## What is expected
Below are some records; quote exactly the lines from the one that contains "mit Blick auf" through the one that contains "همایش تجلیل از", inclusive, and no others.

## Source data
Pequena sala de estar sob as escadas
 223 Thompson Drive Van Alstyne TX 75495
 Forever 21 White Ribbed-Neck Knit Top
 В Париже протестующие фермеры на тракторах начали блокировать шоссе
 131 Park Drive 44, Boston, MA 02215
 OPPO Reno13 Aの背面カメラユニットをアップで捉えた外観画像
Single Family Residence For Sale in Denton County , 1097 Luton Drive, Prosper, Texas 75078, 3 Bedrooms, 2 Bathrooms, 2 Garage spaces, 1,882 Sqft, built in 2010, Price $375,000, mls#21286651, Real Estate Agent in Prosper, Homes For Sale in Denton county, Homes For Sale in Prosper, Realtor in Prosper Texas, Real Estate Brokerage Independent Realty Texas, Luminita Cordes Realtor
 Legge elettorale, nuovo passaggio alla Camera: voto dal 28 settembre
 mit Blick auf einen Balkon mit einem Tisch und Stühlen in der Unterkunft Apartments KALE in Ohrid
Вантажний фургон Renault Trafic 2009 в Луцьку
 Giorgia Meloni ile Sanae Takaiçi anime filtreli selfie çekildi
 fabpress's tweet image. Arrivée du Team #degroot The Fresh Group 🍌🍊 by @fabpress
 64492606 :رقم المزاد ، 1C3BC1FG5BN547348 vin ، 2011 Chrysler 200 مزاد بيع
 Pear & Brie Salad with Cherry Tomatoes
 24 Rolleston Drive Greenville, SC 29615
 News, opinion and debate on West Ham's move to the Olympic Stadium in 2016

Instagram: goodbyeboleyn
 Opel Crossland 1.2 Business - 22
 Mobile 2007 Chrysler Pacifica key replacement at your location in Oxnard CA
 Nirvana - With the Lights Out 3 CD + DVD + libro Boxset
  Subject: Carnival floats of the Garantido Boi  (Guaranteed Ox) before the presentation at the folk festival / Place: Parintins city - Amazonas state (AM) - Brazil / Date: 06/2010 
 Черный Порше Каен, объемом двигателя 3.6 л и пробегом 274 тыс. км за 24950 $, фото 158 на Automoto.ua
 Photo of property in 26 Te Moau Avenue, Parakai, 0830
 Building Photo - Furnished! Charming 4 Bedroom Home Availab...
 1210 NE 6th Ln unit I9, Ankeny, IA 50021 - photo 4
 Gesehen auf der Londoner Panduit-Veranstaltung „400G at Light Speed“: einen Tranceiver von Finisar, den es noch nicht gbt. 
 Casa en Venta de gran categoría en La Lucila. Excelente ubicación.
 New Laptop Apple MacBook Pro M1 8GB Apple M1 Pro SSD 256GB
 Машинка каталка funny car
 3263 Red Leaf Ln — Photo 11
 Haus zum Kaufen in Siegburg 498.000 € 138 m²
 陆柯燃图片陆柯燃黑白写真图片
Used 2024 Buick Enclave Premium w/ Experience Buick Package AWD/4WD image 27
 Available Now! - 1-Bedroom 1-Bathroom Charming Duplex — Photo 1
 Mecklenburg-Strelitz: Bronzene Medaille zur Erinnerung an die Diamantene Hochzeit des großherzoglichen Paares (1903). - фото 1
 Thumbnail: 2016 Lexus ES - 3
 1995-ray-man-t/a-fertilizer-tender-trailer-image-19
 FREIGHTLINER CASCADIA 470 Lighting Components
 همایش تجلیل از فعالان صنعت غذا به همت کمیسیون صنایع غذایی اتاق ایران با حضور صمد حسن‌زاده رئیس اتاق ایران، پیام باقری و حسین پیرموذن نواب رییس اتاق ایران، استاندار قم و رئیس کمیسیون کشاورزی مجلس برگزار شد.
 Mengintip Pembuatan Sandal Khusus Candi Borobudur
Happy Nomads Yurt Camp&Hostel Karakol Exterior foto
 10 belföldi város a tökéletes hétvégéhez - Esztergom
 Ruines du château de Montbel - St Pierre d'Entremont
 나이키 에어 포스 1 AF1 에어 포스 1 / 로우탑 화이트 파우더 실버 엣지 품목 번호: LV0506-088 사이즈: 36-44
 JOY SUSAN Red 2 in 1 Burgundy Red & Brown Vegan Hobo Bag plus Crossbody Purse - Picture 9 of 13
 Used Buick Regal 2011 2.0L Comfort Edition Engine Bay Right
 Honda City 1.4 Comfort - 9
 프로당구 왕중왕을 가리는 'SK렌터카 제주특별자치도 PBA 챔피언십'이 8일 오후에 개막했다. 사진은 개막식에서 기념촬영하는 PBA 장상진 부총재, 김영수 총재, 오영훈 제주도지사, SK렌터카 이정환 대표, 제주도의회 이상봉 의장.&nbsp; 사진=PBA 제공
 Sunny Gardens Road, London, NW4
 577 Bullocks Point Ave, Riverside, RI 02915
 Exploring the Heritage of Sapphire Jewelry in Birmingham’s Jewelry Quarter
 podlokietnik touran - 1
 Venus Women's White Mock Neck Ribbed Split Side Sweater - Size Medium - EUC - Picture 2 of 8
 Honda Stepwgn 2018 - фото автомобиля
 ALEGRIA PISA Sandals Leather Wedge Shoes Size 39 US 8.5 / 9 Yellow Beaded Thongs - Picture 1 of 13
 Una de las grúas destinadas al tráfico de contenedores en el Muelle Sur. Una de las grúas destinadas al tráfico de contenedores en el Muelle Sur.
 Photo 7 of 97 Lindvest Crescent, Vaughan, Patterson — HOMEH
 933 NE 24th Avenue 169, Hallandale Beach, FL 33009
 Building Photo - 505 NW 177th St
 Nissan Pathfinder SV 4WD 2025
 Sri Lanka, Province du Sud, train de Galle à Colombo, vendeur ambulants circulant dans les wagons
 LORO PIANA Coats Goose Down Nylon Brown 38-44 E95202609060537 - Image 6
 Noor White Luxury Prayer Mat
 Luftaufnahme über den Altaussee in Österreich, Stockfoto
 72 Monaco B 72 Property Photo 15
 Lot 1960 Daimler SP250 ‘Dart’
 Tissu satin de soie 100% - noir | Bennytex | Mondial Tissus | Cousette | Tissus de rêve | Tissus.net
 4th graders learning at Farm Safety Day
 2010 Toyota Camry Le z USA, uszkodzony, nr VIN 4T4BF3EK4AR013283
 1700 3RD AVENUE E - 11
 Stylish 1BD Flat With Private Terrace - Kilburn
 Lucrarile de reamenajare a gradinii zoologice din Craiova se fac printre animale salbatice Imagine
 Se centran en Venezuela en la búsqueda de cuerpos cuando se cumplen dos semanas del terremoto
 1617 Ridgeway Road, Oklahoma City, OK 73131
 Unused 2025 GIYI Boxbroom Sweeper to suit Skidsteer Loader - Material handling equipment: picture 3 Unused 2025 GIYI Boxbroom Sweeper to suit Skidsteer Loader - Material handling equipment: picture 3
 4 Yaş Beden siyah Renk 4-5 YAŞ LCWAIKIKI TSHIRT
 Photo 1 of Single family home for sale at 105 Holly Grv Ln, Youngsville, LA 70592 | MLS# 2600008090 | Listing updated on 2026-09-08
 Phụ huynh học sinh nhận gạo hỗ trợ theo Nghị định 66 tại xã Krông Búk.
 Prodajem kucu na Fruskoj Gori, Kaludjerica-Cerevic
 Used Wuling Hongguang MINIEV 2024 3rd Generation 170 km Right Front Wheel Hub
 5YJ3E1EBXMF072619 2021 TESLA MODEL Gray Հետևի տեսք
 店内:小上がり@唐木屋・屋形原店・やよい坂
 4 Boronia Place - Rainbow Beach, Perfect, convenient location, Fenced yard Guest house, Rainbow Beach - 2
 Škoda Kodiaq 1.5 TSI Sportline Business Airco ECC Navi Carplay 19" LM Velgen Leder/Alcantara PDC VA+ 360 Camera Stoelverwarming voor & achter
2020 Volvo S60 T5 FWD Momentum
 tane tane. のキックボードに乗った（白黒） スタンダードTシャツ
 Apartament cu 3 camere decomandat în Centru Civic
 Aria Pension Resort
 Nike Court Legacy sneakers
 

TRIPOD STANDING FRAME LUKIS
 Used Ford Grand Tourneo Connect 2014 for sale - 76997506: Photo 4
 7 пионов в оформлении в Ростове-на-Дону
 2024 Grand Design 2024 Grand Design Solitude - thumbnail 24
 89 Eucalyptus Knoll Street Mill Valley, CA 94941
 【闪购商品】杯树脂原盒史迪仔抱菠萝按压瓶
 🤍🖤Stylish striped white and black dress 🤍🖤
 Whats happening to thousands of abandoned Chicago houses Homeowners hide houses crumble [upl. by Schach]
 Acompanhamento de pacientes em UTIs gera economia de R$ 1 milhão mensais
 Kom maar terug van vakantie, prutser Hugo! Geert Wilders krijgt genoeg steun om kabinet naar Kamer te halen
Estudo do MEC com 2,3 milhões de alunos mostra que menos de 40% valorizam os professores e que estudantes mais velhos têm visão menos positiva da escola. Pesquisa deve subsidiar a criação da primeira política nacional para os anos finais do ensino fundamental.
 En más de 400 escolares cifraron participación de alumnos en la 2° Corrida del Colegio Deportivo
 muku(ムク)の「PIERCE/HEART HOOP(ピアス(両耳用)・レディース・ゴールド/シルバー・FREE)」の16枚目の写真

## Answer to this task
 mit Blick auf einen Balkon mit einem Tisch und Stühlen in der Unterkunft Apartments KALE in Ohrid
Вантажний фургон Renault Trafic 2009 в Луцьку
 Giorgia Meloni ile Sanae Takaiçi anime filtreli selfie çekildi
 fabpress's tweet image. Arrivée du Team #degroot The Fresh Group 🍌🍊 by @fabpress
 64492606 :رقم المزاد ، 1C3BC1FG5BN547348 vin ، 2011 Chrysler 200 مزاد بيع
 Pear & Brie Salad with Cherry Tomatoes
 24 Rolleston Drive Greenville, SC 29615
 News, opinion and debate on West Ham's move to the Olympic Stadium in 2016

Instagram: goodbyeboleyn
 Opel Crossland 1.2 Business - 22
 Mobile 2007 Chrysler Pacifica key replacement at your location in Oxnard CA
 Nirvana - With the Lights Out 3 CD + DVD + libro Boxset
  Subject: Carnival floats of the Garantido Boi  (Guaranteed Ox) before the presentation at the folk festival / Place: Parintins city - Amazonas state (AM) - Brazil / Date: 06/2010 
 Черный Порше Каен, объемом двигателя 3.6 л и пробегом 274 тыс. км за 24950 $, фото 158 на Automoto.ua
 Photo of property in 26 Te Moau Avenue, Parakai, 0830
 Building Photo - Furnished! Charming 4 Bedroom Home Availab...
 1210 NE 6th Ln unit I9, Ankeny, IA 50021 - photo 4
 Gesehen auf der Londoner Panduit-Veranstaltung „400G at Light Speed“: einen Tranceiver von Finisar, den es noch nicht gbt. 
 Casa en Venta de gran categoría en La Lucila. Excelente ubicación.
 New Laptop Apple MacBook Pro M1 8GB Apple M1 Pro SSD 256GB
 Машинка каталка funny car
 3263 Red Leaf Ln — Photo 11
 Haus zum Kaufen in Siegburg 498.000 € 138 m²
 陆柯燃图片陆柯燃黑白写真图片
Used 2024 Buick Enclave Premium w/ Experience Buick Package AWD/4WD image 27
 Available Now! - 1-Bedroom 1-Bathroom Charming Duplex — Photo 1
 Mecklenburg-Strelitz: Bronzene Medaille zur Erinnerung an die Diamantene Hochzeit des großherzoglichen Paares (1903). - фото 1
 Thumbnail: 2016 Lexus ES - 3
 1995-ray-man-t/a-fertilizer-tender-trailer-image-19
 FREIGHTLINER CASCADIA 470 Lighting Components
 همایش تجلیل از فعالان صنعت غذا به همت کمیسیون صنایع غذایی اتاق ایران با حضور صمد حسن‌زاده رئیس اتاق ایران، پیام باقری و حسین پیرموذن نواب رییس اتاق ایران، استاندار قم و رئیس کمیسیون کشاورزی مجلس برگزار شد.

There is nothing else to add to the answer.